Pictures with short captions
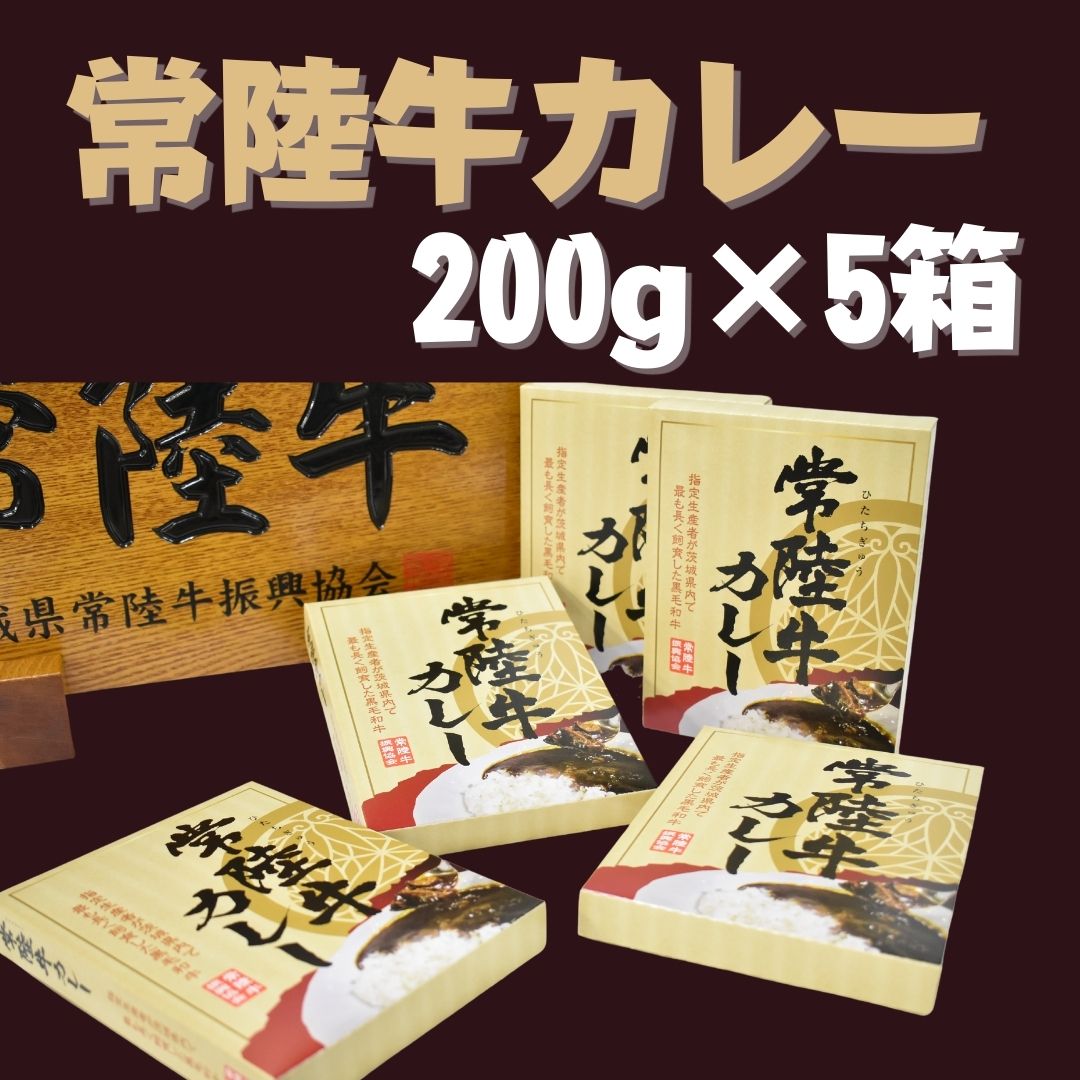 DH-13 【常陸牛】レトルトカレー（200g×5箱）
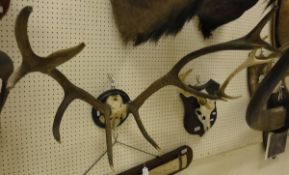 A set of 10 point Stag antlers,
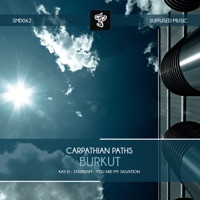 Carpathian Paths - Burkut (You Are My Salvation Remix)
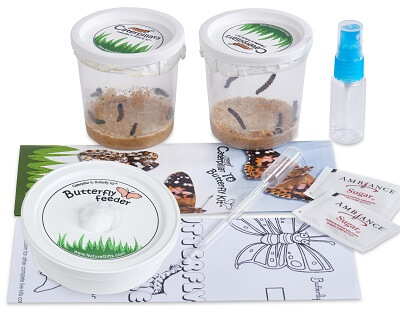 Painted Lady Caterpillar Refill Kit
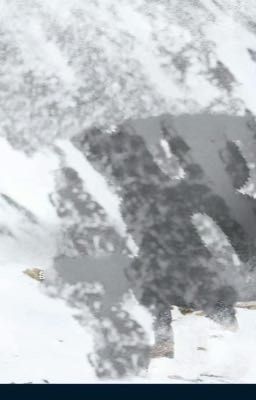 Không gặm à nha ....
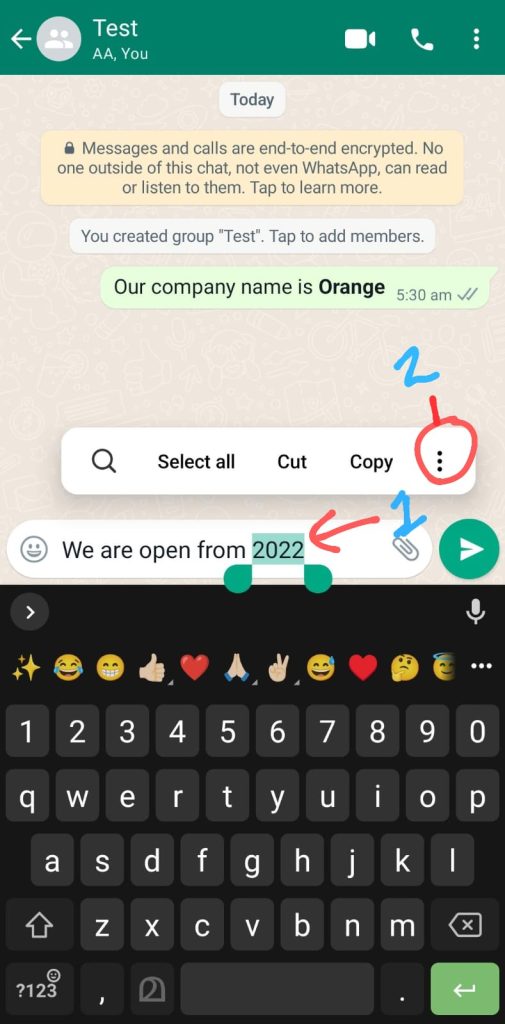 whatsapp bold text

▶ _Task objective_:
Retype exactly the lines from the one containing "Painted Lady Caterpillar Refill Kit" through the last line of the records above, both included, and leave out any pictures.

▶ _Exercise answer_:
 Painted Lady Caterpillar Refill Kit
 Không gặm à nha ....
 whatsapp bold text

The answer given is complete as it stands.